▶ _Exercise description_
Everything from the line with "SCENIC VIEW OF" to the line with "A group of people" in the listing below, both lines included, needs to be copied exactly, apart from the pictures.
[[ Records for this task, beginning ]]
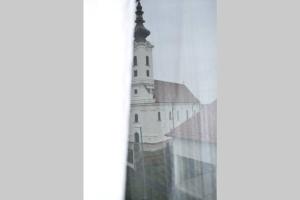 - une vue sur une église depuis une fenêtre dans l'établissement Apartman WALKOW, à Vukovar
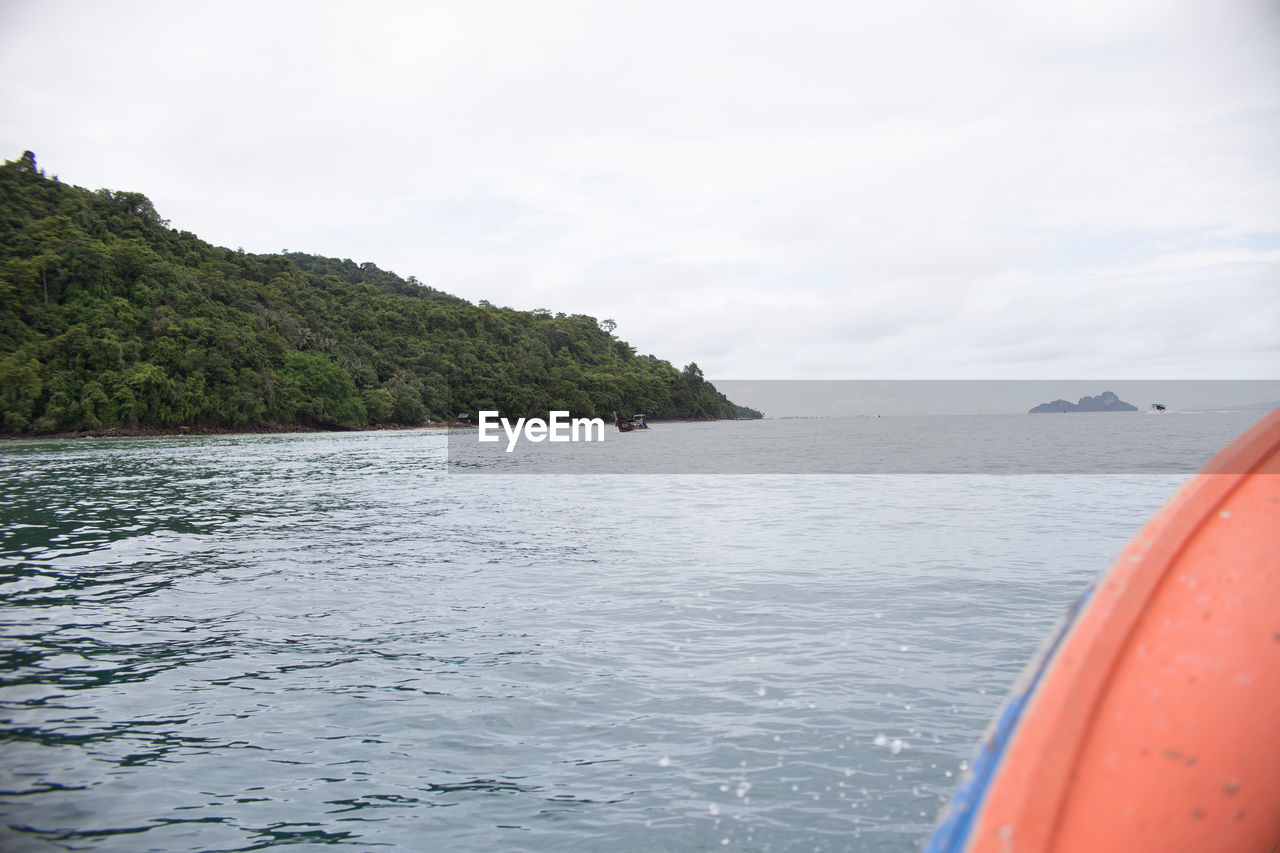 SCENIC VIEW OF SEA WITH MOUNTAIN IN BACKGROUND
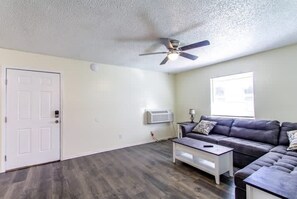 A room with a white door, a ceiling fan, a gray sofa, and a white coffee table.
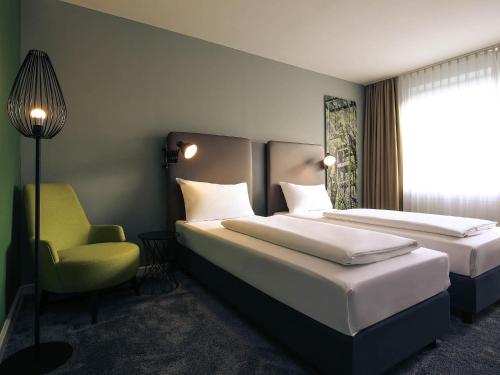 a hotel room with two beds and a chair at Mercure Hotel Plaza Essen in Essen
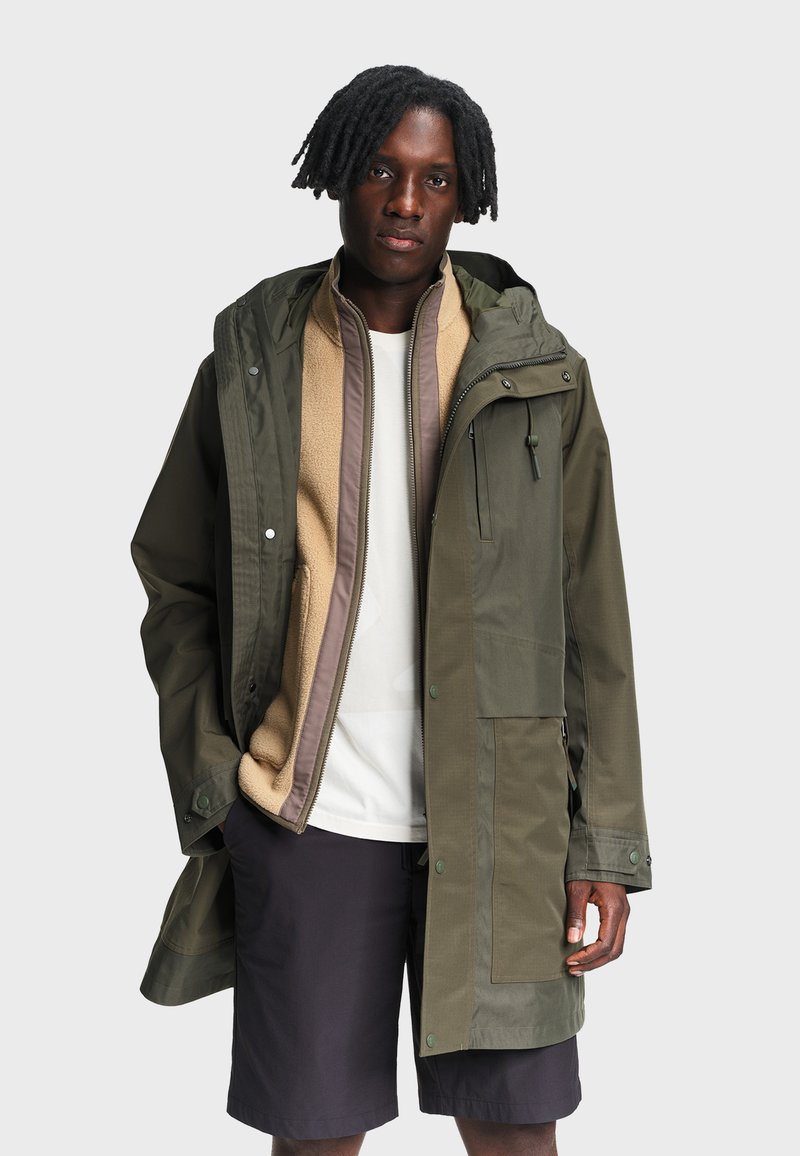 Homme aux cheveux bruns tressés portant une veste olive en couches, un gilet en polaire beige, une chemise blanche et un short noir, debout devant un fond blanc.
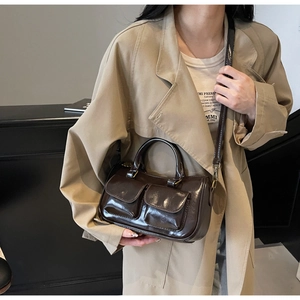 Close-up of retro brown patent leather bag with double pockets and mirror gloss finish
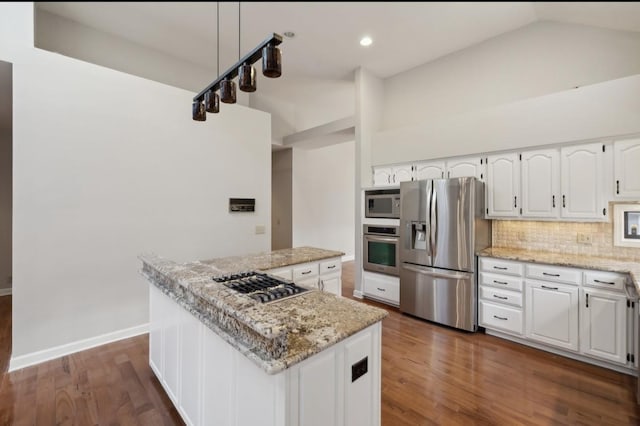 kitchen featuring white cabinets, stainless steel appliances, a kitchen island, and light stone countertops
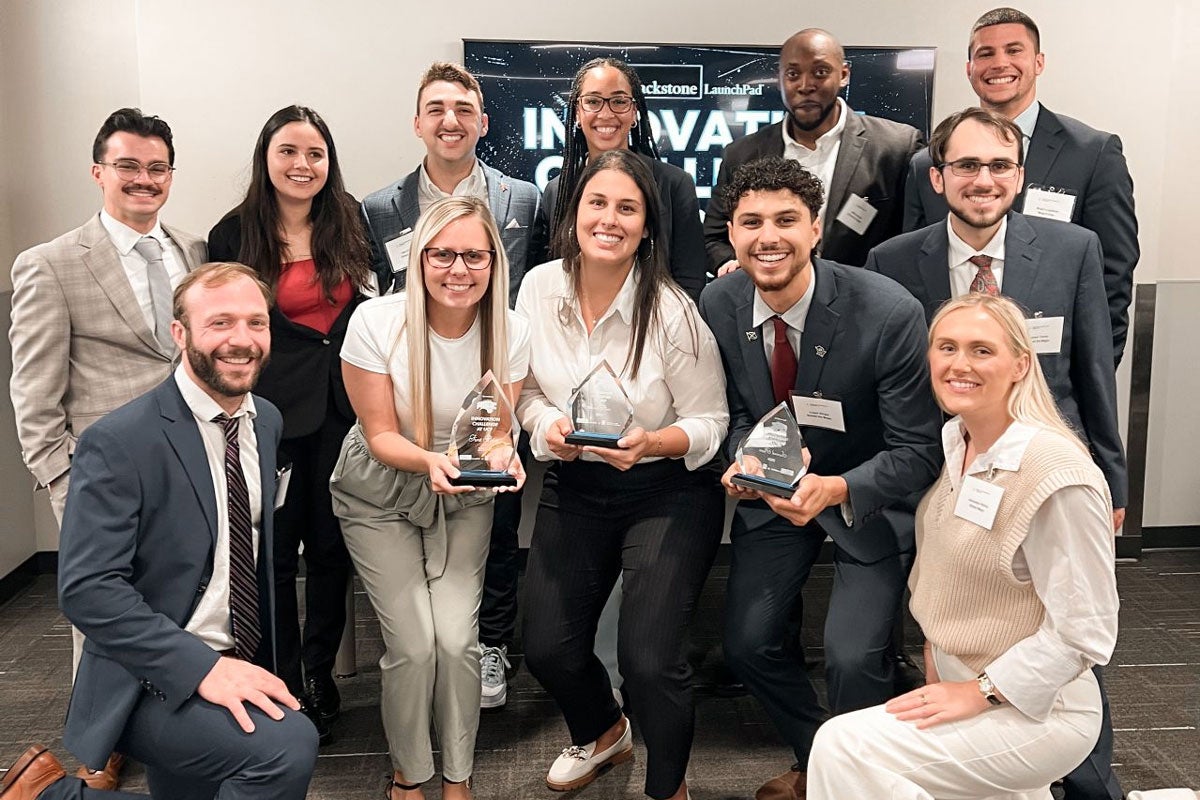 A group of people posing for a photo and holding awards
[[ Records for this task, end ]]
[[ Records for this task, beginning ]]
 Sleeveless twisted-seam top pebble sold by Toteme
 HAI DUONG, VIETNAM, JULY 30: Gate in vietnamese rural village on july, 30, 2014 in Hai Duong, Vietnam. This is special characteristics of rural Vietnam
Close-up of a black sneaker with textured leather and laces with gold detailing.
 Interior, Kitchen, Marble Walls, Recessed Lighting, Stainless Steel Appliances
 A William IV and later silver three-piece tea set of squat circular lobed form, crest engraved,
[[ Records for this task, end ]]
[[ Records for this task, beginning ]]
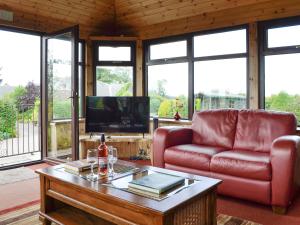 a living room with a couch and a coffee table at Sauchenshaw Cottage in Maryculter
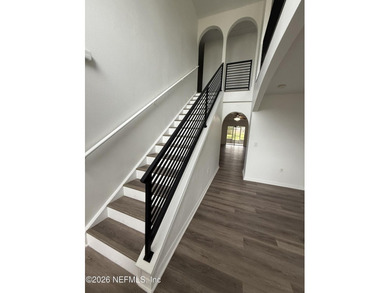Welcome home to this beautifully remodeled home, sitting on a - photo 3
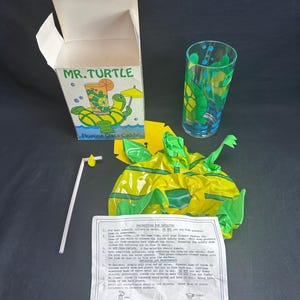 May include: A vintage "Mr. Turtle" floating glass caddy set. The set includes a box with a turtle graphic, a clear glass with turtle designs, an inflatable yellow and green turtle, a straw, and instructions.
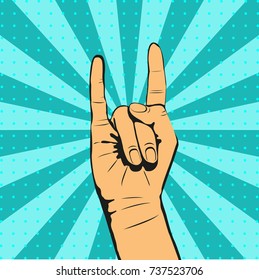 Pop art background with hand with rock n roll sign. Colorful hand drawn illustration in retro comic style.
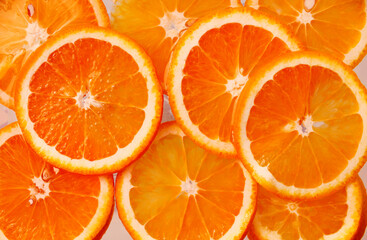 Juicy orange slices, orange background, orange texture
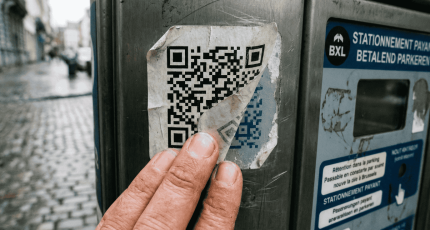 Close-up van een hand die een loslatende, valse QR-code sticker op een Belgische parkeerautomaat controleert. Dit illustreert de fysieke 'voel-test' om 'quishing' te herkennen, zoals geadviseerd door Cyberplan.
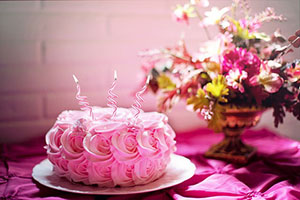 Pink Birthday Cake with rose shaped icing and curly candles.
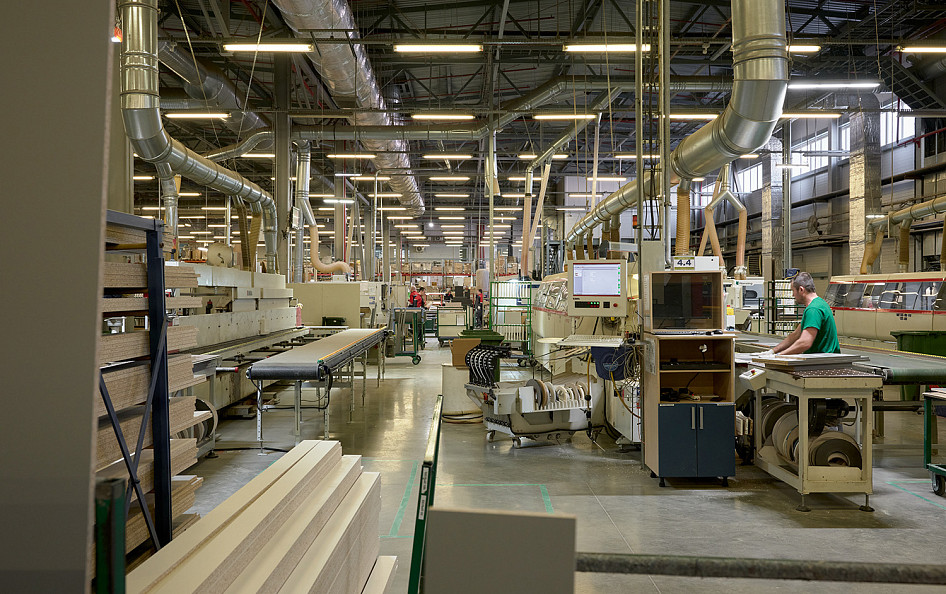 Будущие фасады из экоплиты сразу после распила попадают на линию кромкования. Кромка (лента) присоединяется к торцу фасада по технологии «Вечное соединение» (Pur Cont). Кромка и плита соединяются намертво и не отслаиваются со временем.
[[ Records for this task, end ]]
▶ _Response box_
 SCENIC VIEW OF SEA WITH MOUNTAIN IN BACKGROUND
 A room with a white door, a ceiling fan, a gray sofa, and a white coffee table.
 a hotel room with two beds and a chair at Mercure Hotel Plaza Essen in Essen
 Homme aux cheveux bruns tressés portant une veste olive en couches, un gilet en polaire beige, une chemise blanche et un short noir, debout devant un fond blanc.
 Close-up of retro brown patent leather bag with double pockets and mirror gloss finish
 kitchen featuring white cabinets, stainless steel appliances, a kitchen island, and light stone countertops
 A group of people posing for a photo and holding awards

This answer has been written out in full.